(Beginning of Extracted material)

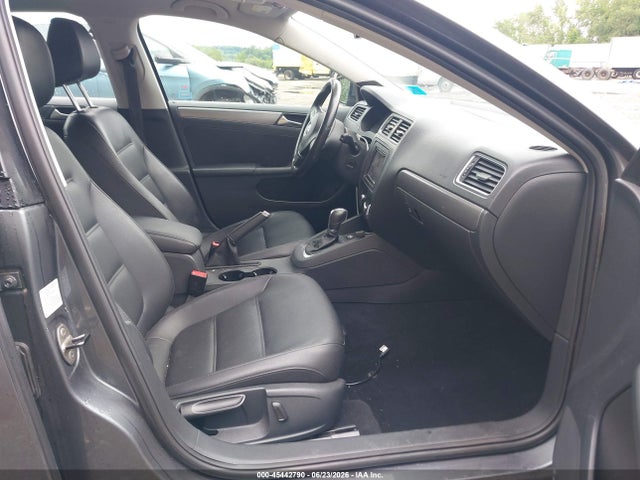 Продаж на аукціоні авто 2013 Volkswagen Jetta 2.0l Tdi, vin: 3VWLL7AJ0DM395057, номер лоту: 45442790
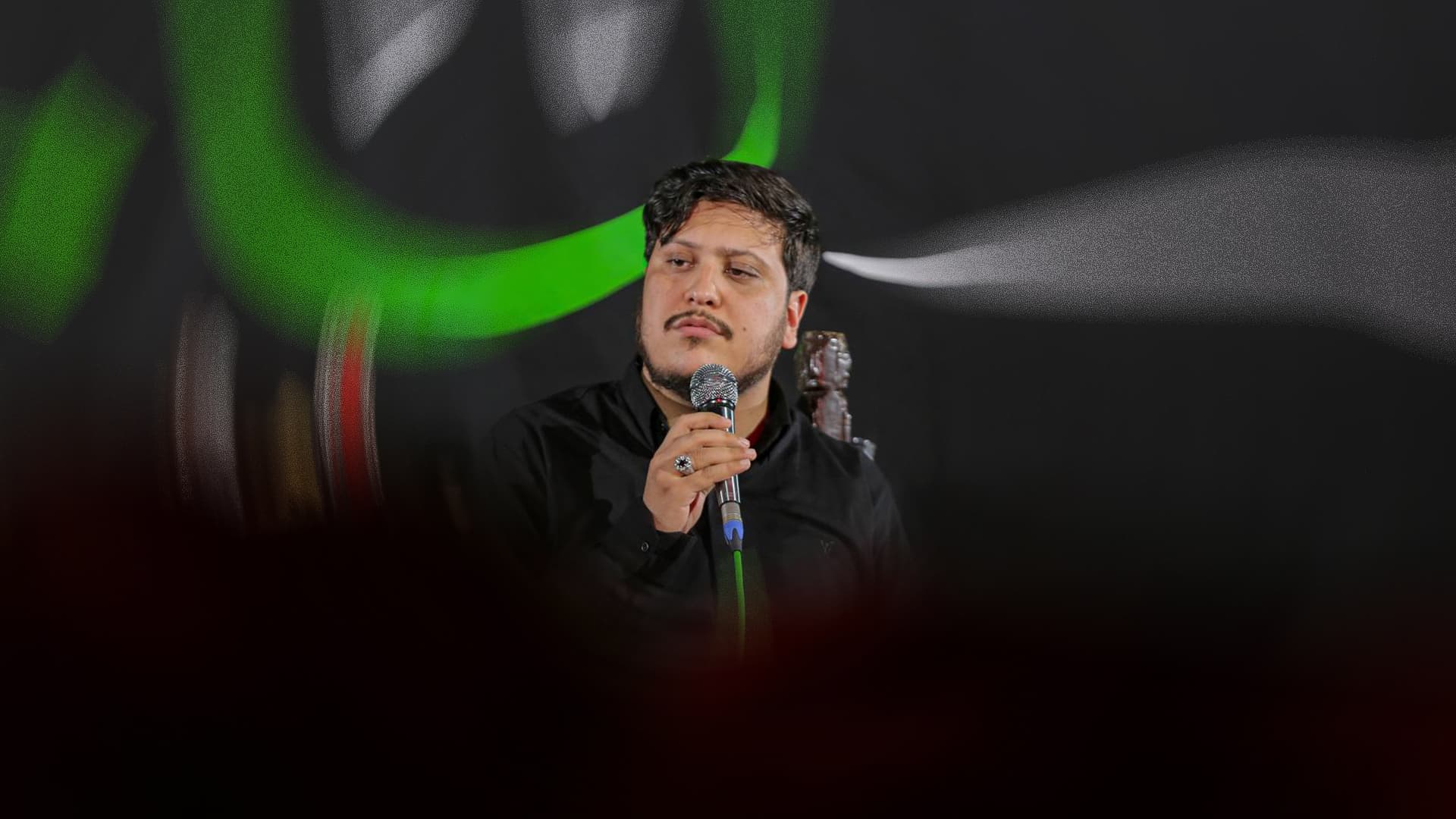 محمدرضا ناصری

(End of Extracted material)
(Beginning of Extracted material)

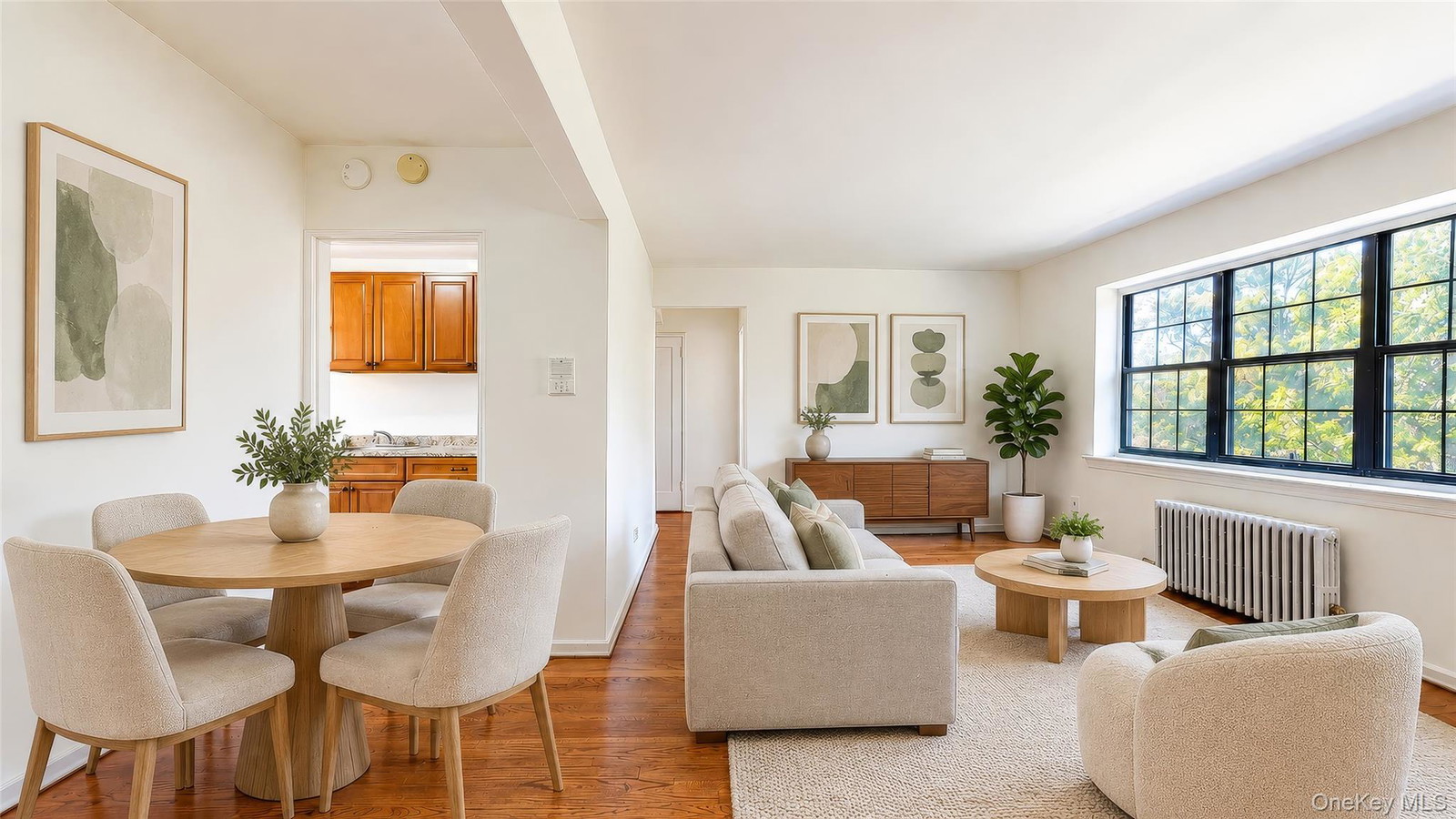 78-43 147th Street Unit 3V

(End of Extracted material)

In the records above, everything from the line with "Продаж на аукціоні" down to the line with "محمدرضا ناصری" must be duplicated exactly, both lines kept. Leave no pictures in.

 Продаж на аукціоні авто 2013 Volkswagen Jetta 2.0l Tdi, vin: 3VWLL7AJ0DM395057, номер лоту: 45442790
 محمدرضا ناصری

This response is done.